**SUPPLIED ENTRIES**
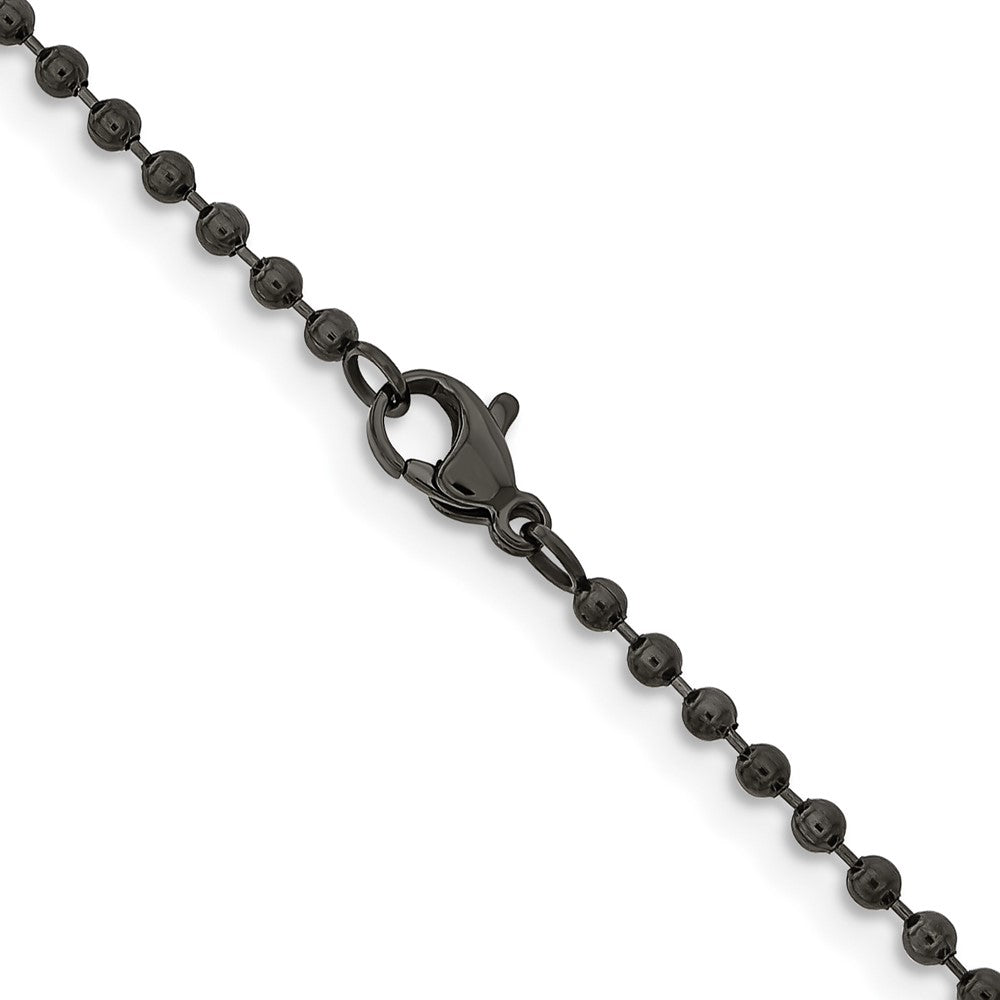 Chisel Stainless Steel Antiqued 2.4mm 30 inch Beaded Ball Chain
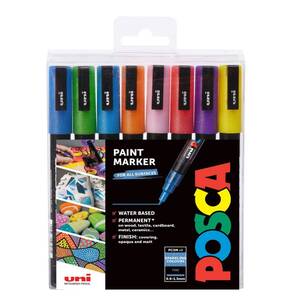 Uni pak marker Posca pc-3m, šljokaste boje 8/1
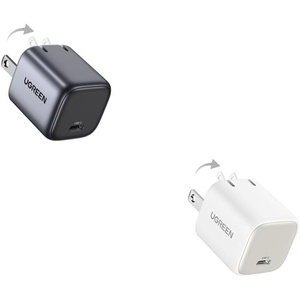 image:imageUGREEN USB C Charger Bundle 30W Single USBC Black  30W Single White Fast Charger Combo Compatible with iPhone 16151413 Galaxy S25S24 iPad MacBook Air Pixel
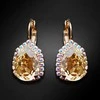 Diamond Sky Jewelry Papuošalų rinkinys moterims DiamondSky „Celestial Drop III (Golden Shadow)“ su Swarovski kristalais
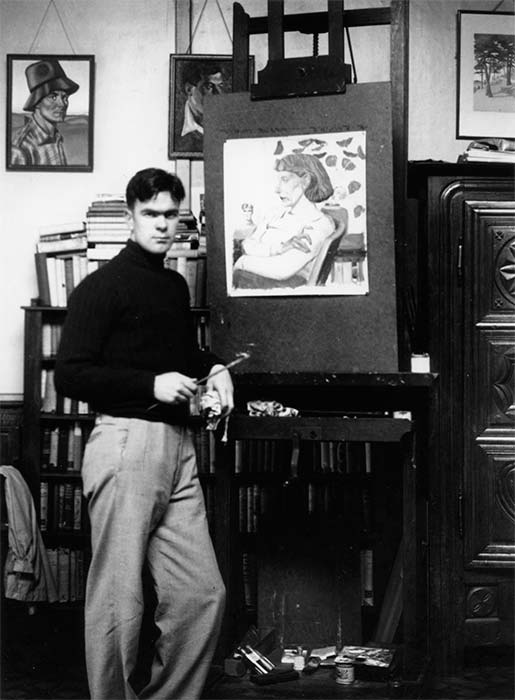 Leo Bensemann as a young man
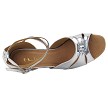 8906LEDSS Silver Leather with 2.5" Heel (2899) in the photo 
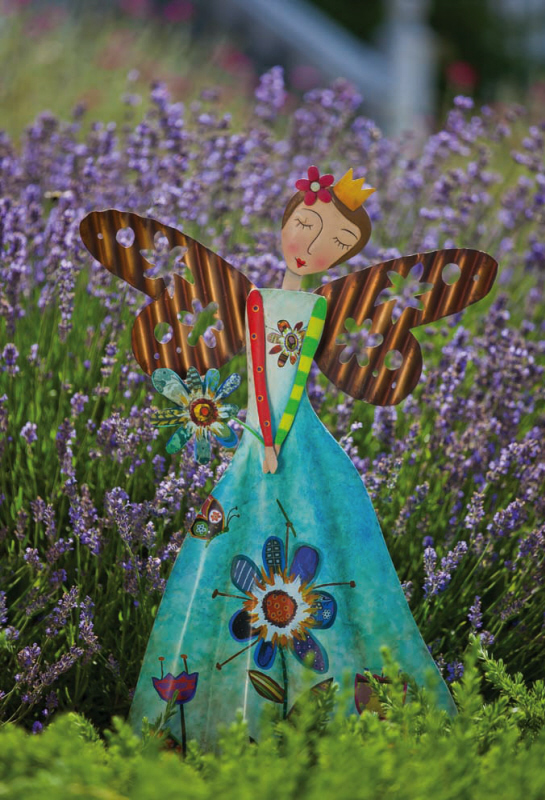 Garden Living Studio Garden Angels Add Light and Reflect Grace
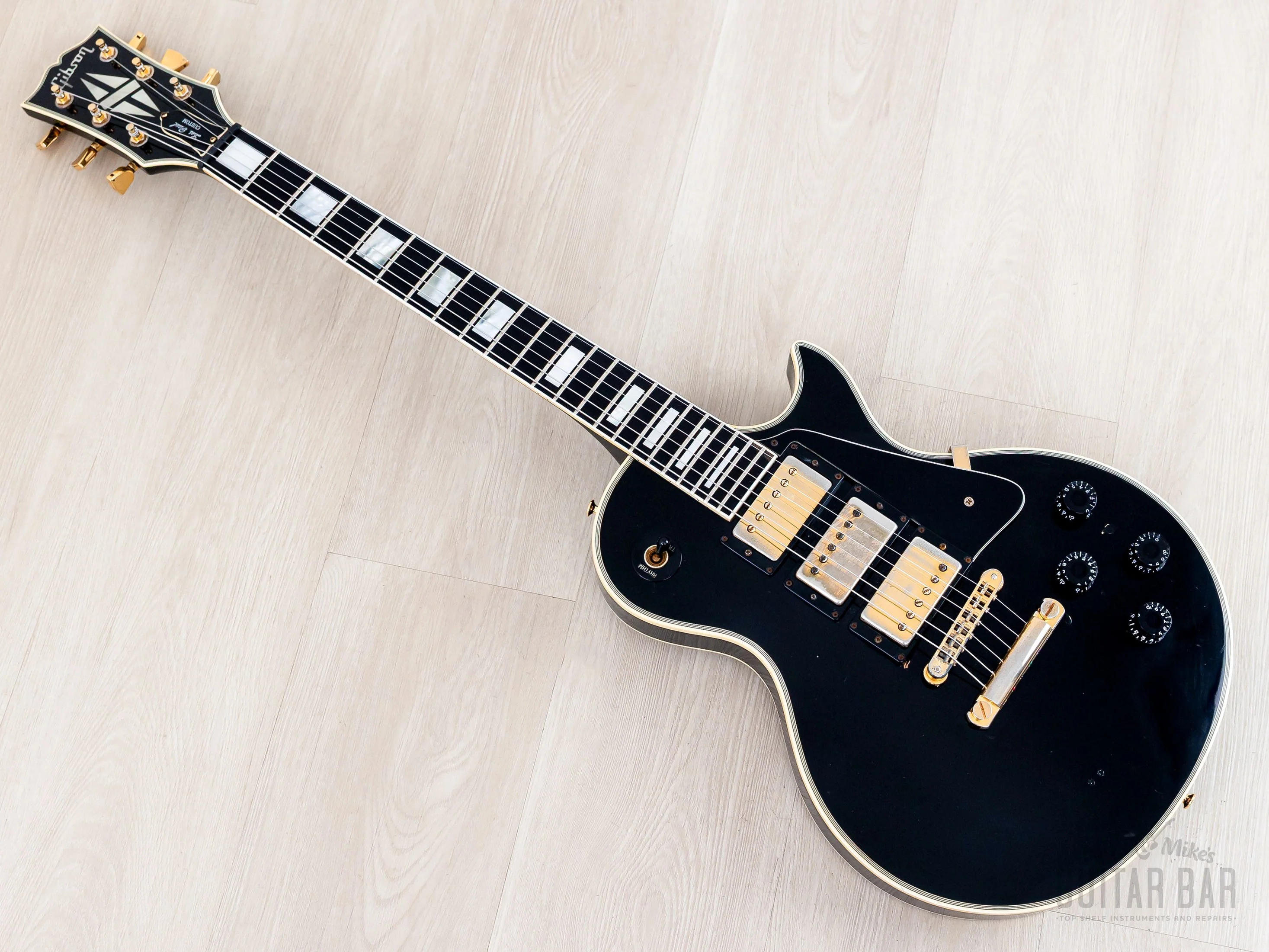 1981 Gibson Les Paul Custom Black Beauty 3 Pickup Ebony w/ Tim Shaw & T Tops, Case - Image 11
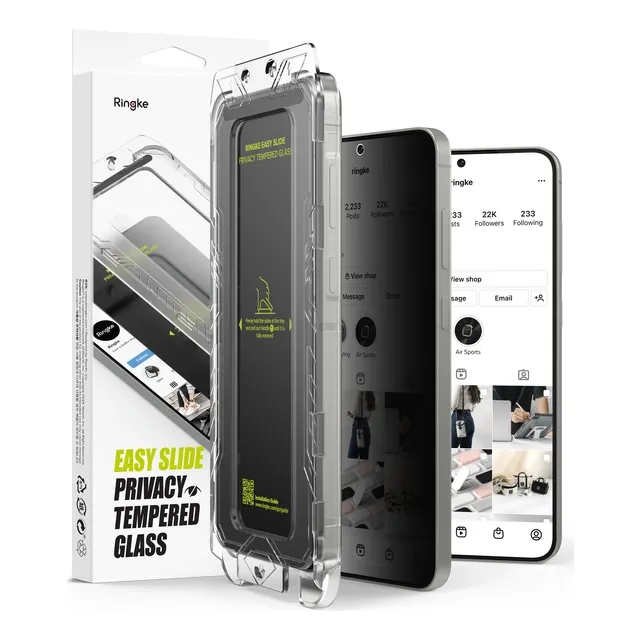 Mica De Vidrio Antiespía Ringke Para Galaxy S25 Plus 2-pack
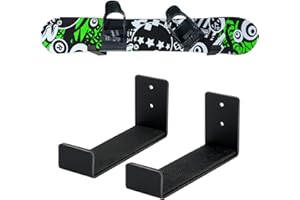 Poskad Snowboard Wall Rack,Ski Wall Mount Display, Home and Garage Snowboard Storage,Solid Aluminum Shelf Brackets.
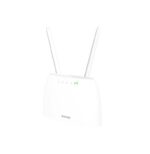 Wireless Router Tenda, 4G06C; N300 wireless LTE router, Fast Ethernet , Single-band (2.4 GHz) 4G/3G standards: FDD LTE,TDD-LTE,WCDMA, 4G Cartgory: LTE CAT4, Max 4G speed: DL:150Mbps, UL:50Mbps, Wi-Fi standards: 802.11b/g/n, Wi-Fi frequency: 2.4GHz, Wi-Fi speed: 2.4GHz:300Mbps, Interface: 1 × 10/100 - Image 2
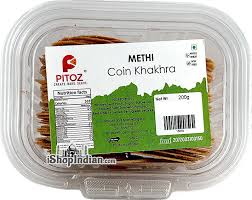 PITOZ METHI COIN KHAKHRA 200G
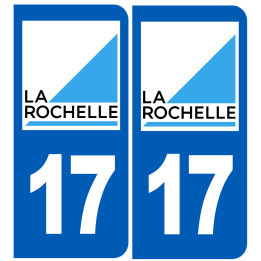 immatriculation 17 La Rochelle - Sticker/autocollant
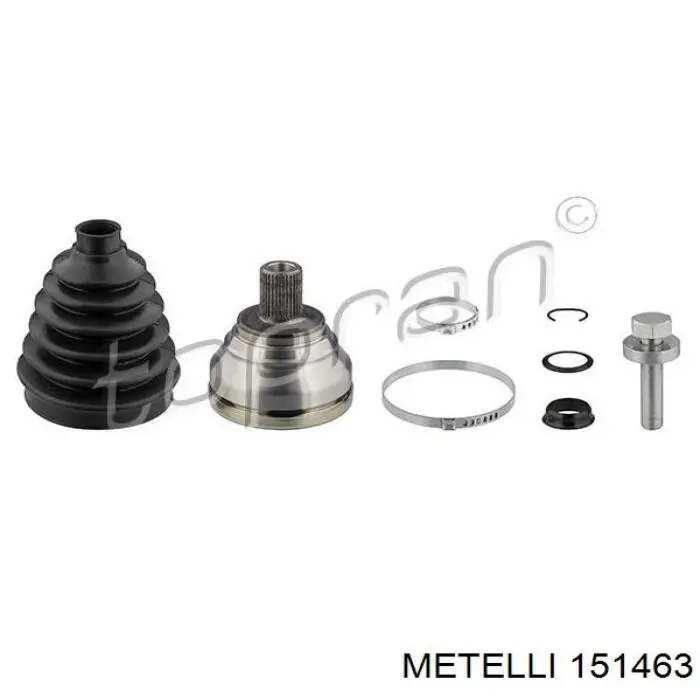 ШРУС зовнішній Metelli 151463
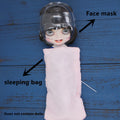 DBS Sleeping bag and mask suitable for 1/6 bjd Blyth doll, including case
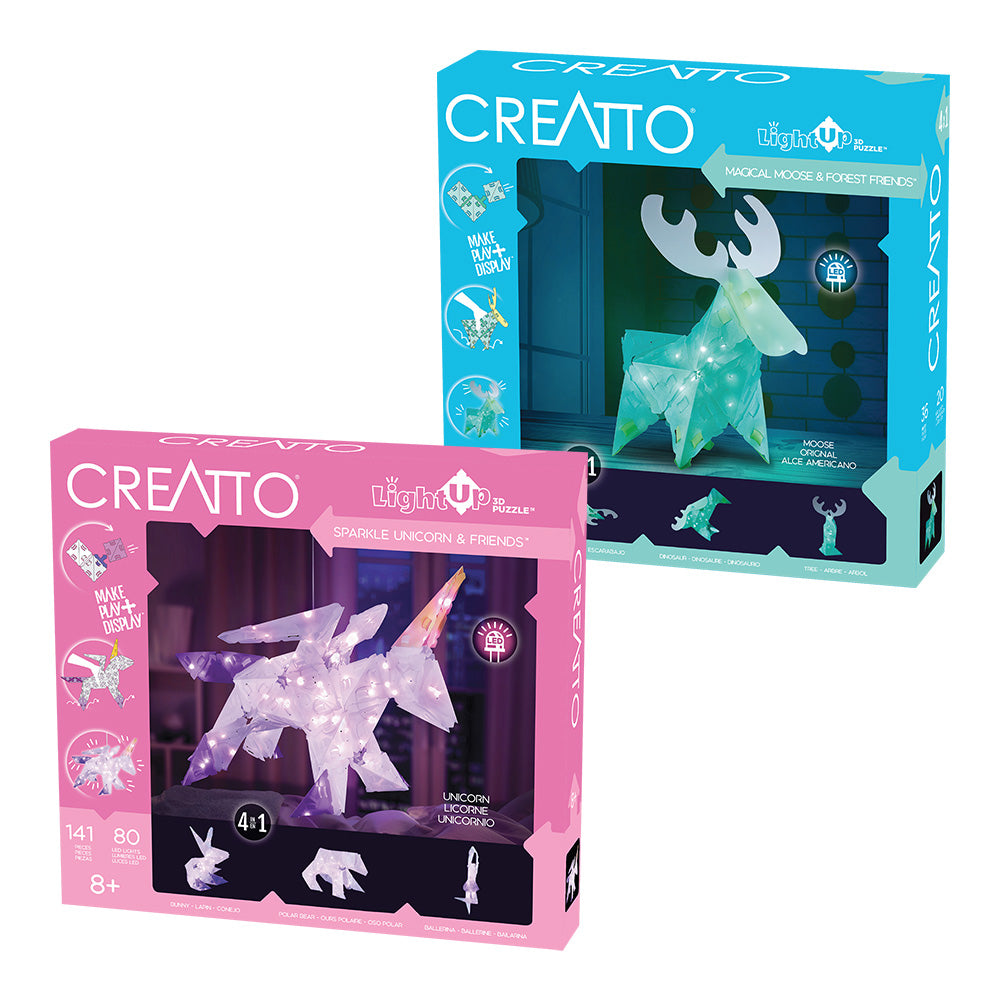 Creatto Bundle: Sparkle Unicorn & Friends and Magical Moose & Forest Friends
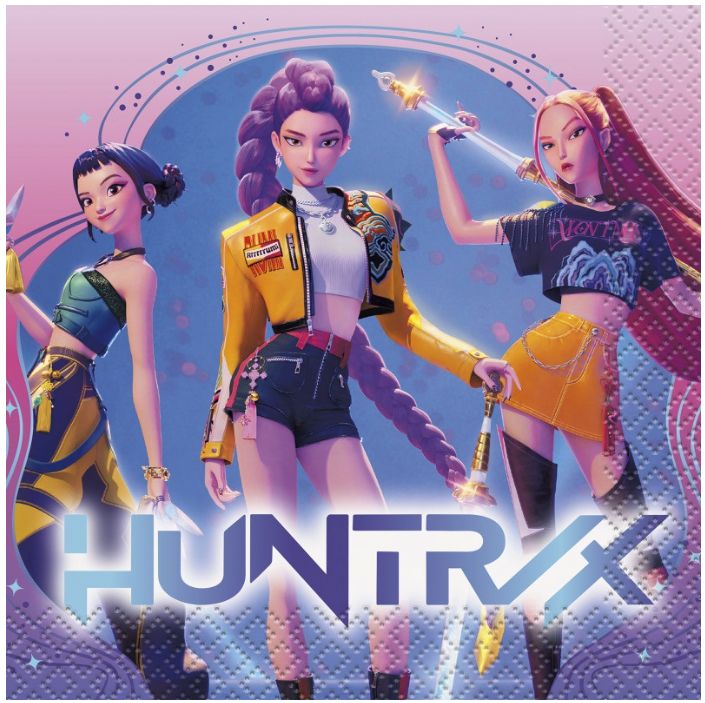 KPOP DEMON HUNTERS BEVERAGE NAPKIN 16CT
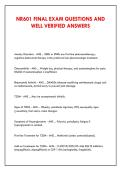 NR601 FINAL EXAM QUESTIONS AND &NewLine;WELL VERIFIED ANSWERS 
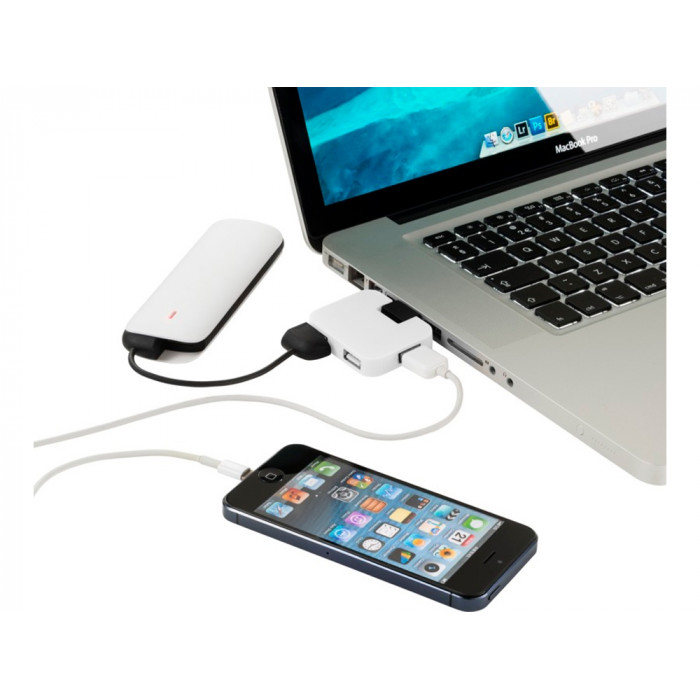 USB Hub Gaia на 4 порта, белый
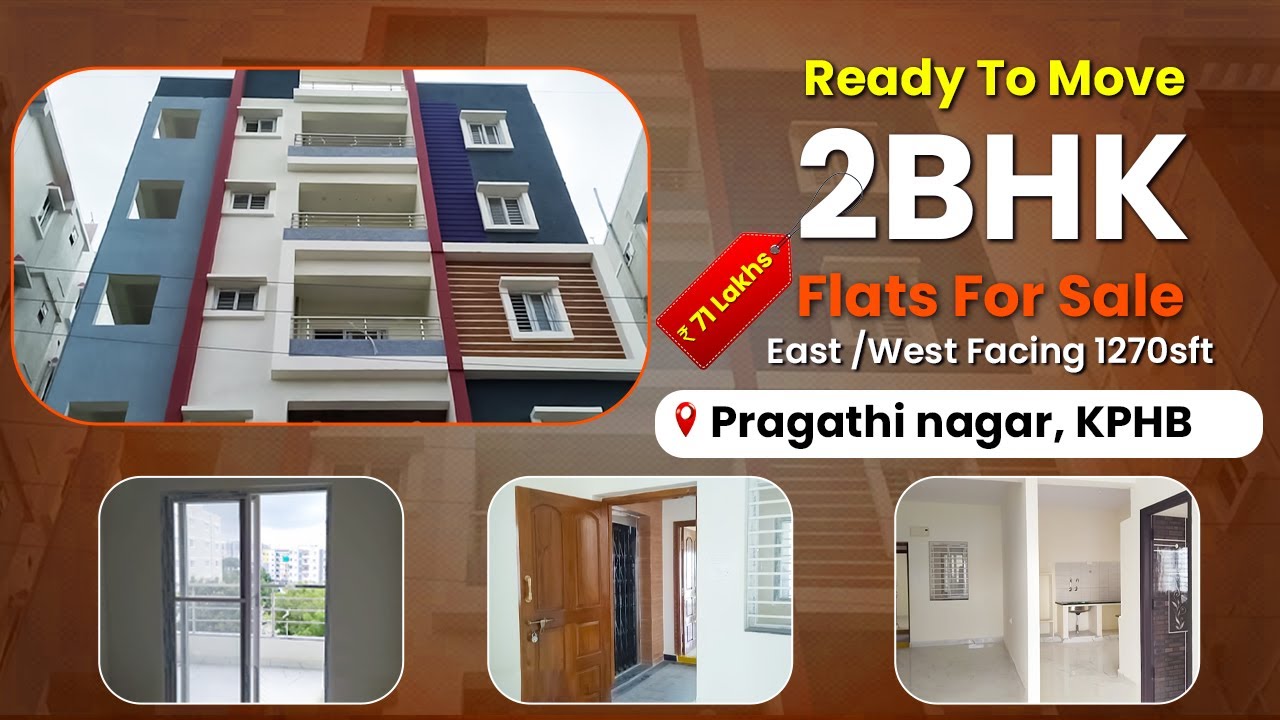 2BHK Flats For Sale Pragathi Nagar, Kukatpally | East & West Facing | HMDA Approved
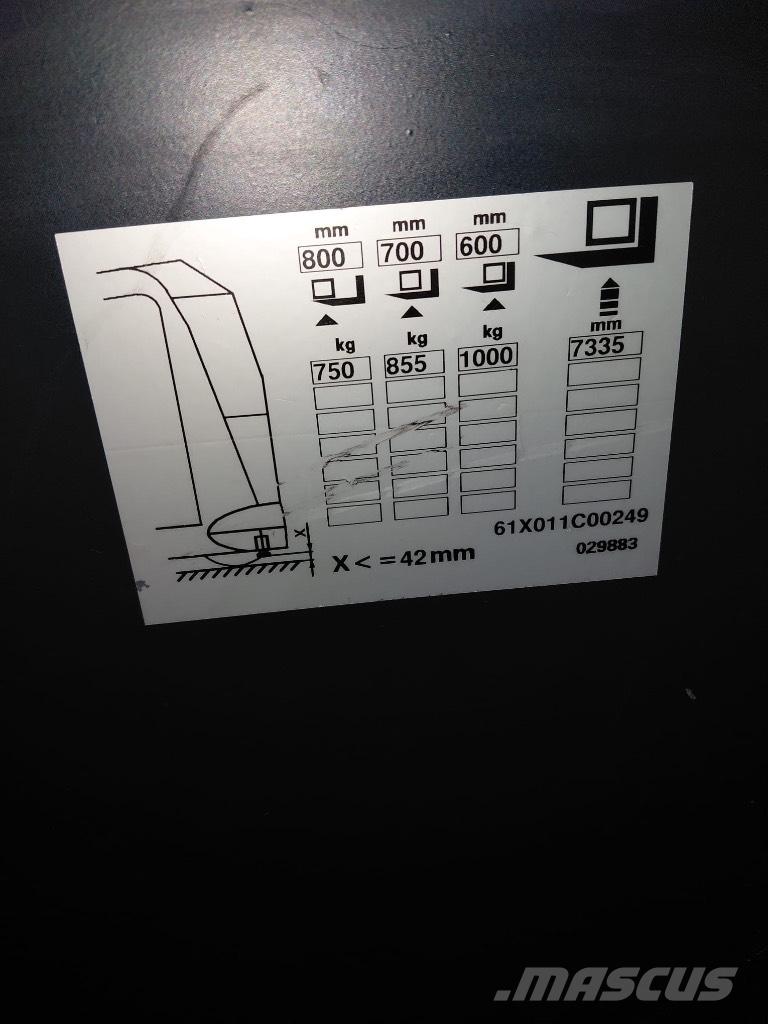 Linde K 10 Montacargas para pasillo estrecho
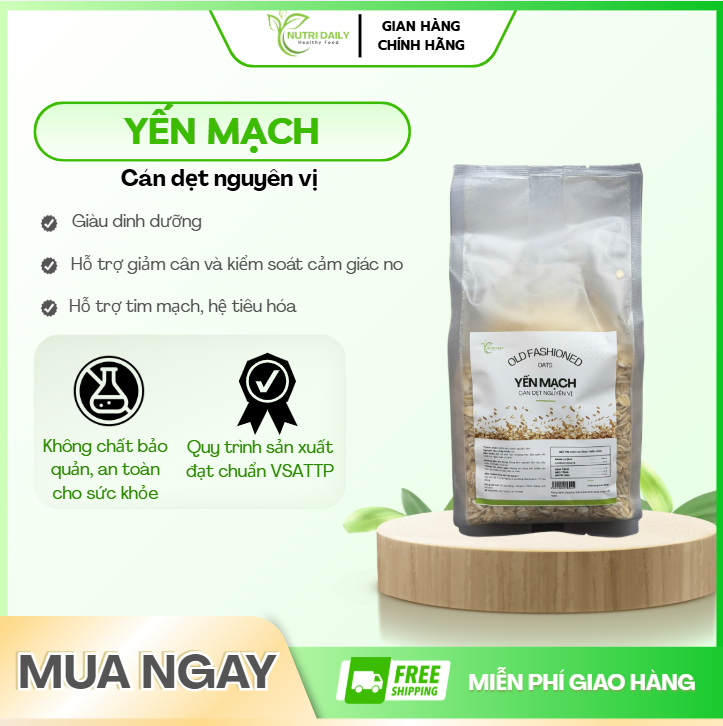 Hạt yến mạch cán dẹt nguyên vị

**TASK REQUIREMENTS**
Repeat, exactly and only, the lines from the one containing "ШРУС зовнішній Metelli 151463" through the final line of the data, both ends included, leaving out any picture.

**SOLUTION**
 ШРУС зовнішній Metelli 151463
 DBS Sleeping bag and mask suitable for 1/6 bjd Blyth doll, including case
 Creatto Bundle: Sparkle Unicorn & Friends and Magical Moose & Forest Friends
 KPOP DEMON HUNTERS BEVERAGE NAPKIN 16CT
 NR601 FINAL EXAM QUESTIONS AND &NewLine;WELL VERIFIED ANSWERS 
 USB Hub Gaia на 4 порта, белый
 2BHK Flats For Sale Pragathi Nagar, Kukatpally | East & West Facing | HMDA Approved
 Linde K 10 Montacargas para pasillo estrecho
 Hạt yến mạch cán dẹt nguyên vị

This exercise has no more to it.